Never again would so much cocaine, caviar and champagne be consumed as on that evening in the Countess D’Estenville’s abode. Even so, among the survivors of that evening are Jack Nicholson, Roman Polanski and, in his way, Helmut Berger. Today, fishing homeopathic drops for his circulation from a coat pocket, he says, “Drugs are the devil’s work! Drugs transformed me into the opposite of who I am!”

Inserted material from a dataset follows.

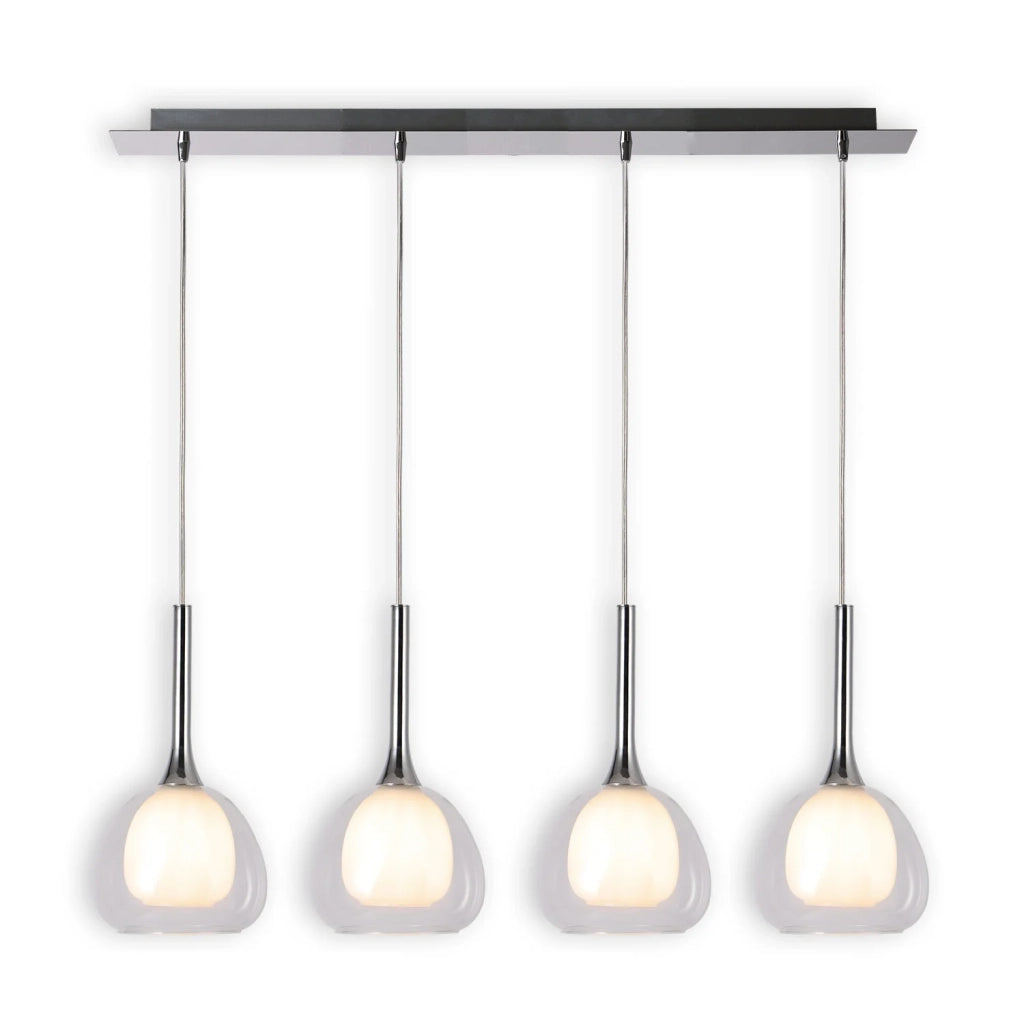 LÚZETE - LAMPADARIO A SOSPENSIONE 4 LUCI VETRO ESTERNO TRANSPARENTE INTERNO BIANCO NOLINA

There’s a screenplay tucked under Helmut Berger’s arm. It was sent to him by a famous English director. With a pleading letter. Like the ones he’s always getting. Please, won’t he just take this one tiny role? He’s been carrying this screenplay and the letter around with him for days. His role would be that of a ghost who appears and reappears to the hero of the film, Alexander the Great, whispering messages. “You know you will kill your father. Don’t you, boy?” is one of the sentences he’s marked in yellow. The pay he’s being offered is evidently phenomenal. But Helmut Berger thinks the screenplay is simply awful. “I’m not doing the film. Je ne veux pas. Basta! I will tell them ce soir. Fuck ‘em!” He doesn’t know how long he’ll stay in Salzburg. He’s no longer prepared to pay the exorbitant rents in Rome. He was in Hamburg recently as a guest on Reinhold Beckmann’s talk show. The two of them had a conversation that was one of television’s golden hours because they took time for each other and Berger didn’t have to perform but was allowed to simply tell stories. He was embraceable. In preparation, Beckmann’s crew had seen to everything. Round-the-clock care, including a pedicure, manicure, massage - as well as a ravaging of the menu at the Four Seasons. “Hamburg,” Berger says suddenly after one of his long pauses. “I liked Hamburg. I could live t here.” Why not Berlin?“ Ugh! You must be joking! Proletarian town!” Shh! Hamburg, he says again, Hamburg is much more to his own taste. It was there that they finally managed to get him to Beckmann’s studio. Before then, Helmut Berger hadn’t left his suite for four days.